Retype, with no pictures, each line from the one that holds "Vintage By UO" through the last line of the entries below, both included.
___ Given records
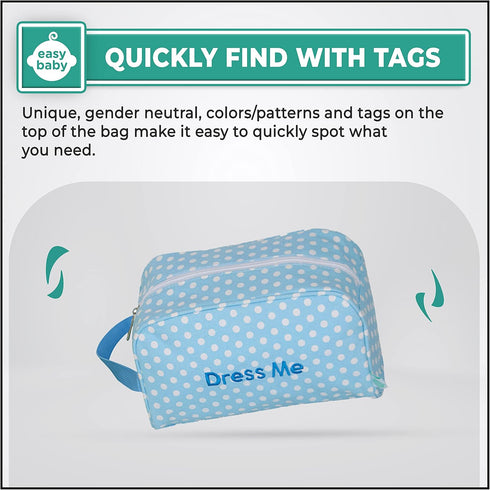 (8 Pack Packing Easy Baby - Diaper, Bottle, and Supplies - Organizer Pouches and Changing Pad - Change, Feed, Dress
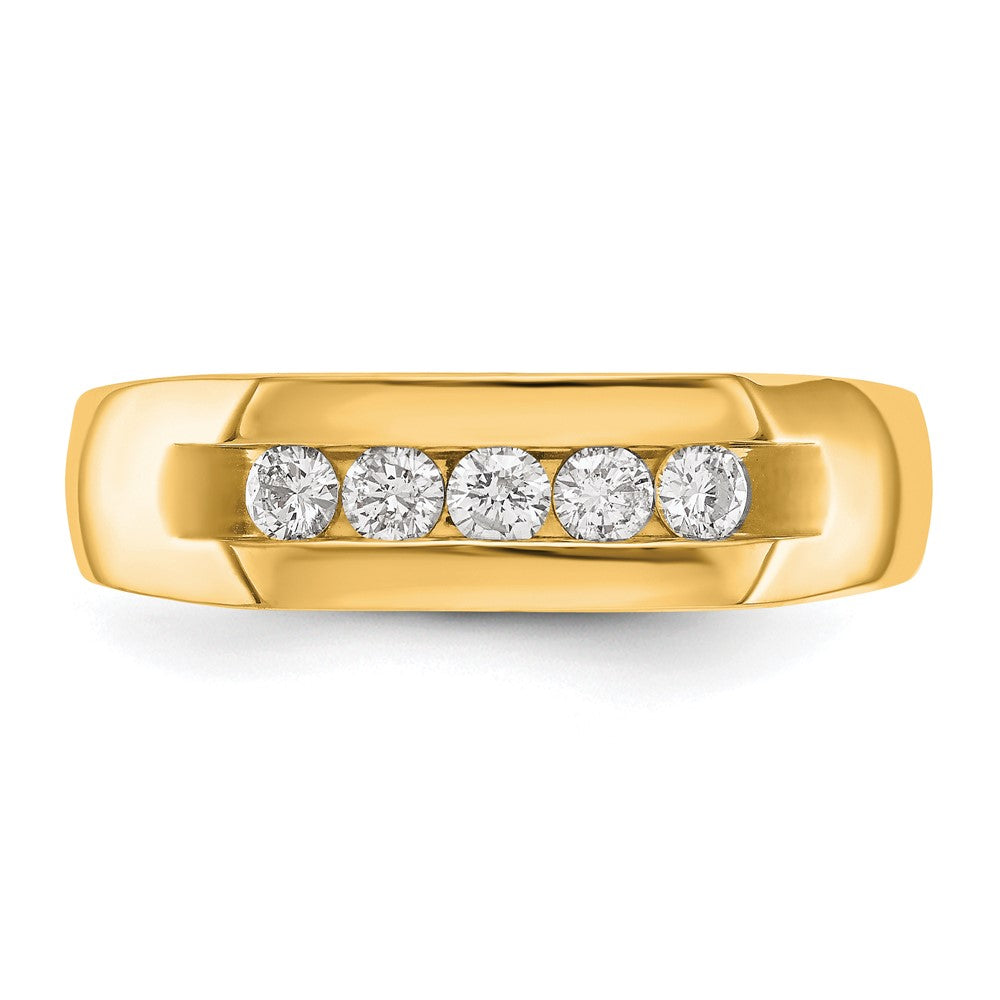 True Origin 14K Yellow Gold Men's 1/3 carat Lab Grown Diamond VS+ F+ Complete Channel Five Stone Band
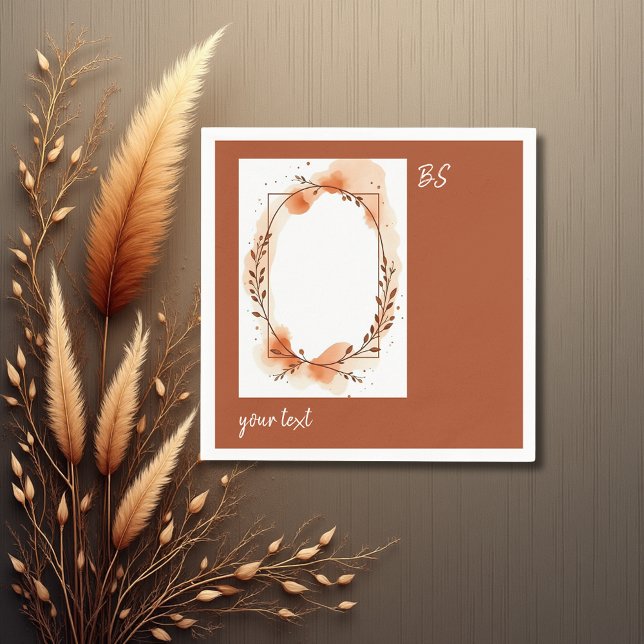 Guardanapo De Papel terracotta rústica, coroa floral mínima e monogram (Criador carregado)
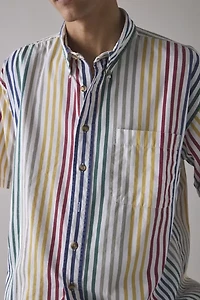 Vintage By UO Assorted Striped Short Sleeve Shirt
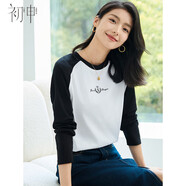 初申春秋長(cháng)袖T恤女撞色拼接休閑簡(jiǎn)約百搭圓領(lǐng)打底衫上衣S143T2023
______
Exercise response:
 Vintage By UO Assorted Striped Short Sleeve Shirt
 初申春秋長(cháng)袖T恤女撞色拼接休閑簡(jiǎn)約百搭圓領(lǐng)打底衫上衣S143T2023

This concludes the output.